Check out this piece in today’s Boston Globe about our nation’s approach to maternity leave – it is telling, and troubling.
“Maternity leave ruling shows how little childrearing matters to society.”
I hope we can also expand this discussion in terms of family or parenting leave as well. It would be ideal to have a system in which both either or both parents could be supported to stay home and help raise their new child in those early months.
http://www.boston.com/bostonglobe/editorial_opinion/oped/articles/2010/08/15/family_values/?camp=localsearch:on:twit:rtbutton
“Yep, just *playing* Mr. Mom today. Definitely *playing* when I change diapers, comfort a crying infant, hold a toddler’s hand, take the kids out for a walk, do some grocery shopping, rock them to sleep, wake up in the middle of the night to discuss the implications of the pending thunderstorm… Yeah, I’m just *playing* at this.”
One more relevant article:
“In Sweden, Men Can Have It All”
Alas, where would you put it?
Bravo, Josh. I couldn’t agree with you more.

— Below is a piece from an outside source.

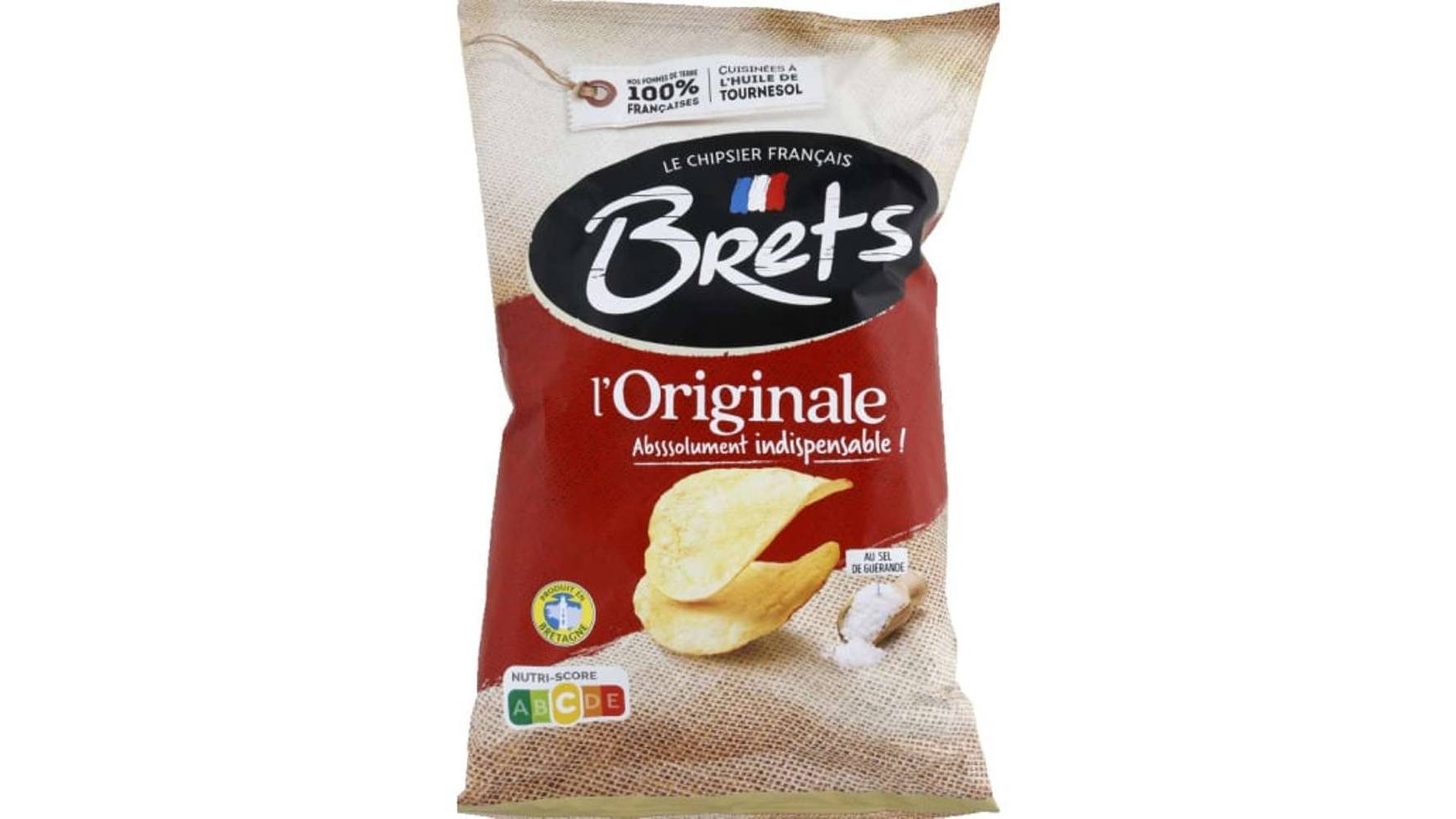 Bret's - Chips l'originale au sel de Guérande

I often receive prolonged stares and funny looks while I’m out (sans wife) with my daughter. Particularly when she’s traveling “up front” with me in our babybjorn.
None of this really phases me, though. This is because when my daughter was first born a friend told me something important. He said that I should make sure to love my kid a lot. At the end of the day, that’s all that really matters.
I was raised by my dad, and I’m sad to say that the level of respect men get as parents hasn’t risen in the decades since he was doing it.
My husband Evan and I have two children, and although he is frequently at their school, people at the school bypass him when it comes time to ask questions or make decisions — they assume they must talk to me.
In 2008 I participated in an entrepreneur-in-residence program and moved two time zones away from my family for three months. When I returned, a local publication that will remain nameless wanted to do a story — on my husband. Because, OMG, men taking care of children, it’s NEWS! Oy.
If this is of interest, check out the book “Equally Shared Parenting, and follow @anniefeighery on Twitter — she and her husband John are profiled in the book and recently did a talk about it at the 92nd Street Y in NYC.
Hi Josh-
Enjoyed reading this piece. I think it would fit great with the material we have on The Good Men Project Magazine (http://goodmenproject.com/).
Send me an email at: sar.e.hurley@gmail.com if you are interesting in learning more.
Many thanks.
Sarah
More great debate on some relevant issues over here:
http://daddy-dialectic.blogspot.com/2010/08/why-i-dont-want-to-be-called-stay-at.html
Good to see others questioning the rhetoric of our families.
I can’t track down the relevant segment right now, but Tell Me More (radio program on NPR, weeknights at 8 on WXXI 1370) had a panel of dads a week or two ago talking about these issues (focused more or less on paternity vs. maternity leave).
This show is great for honest, even-handed discussions of these kinds of gender issues, in general.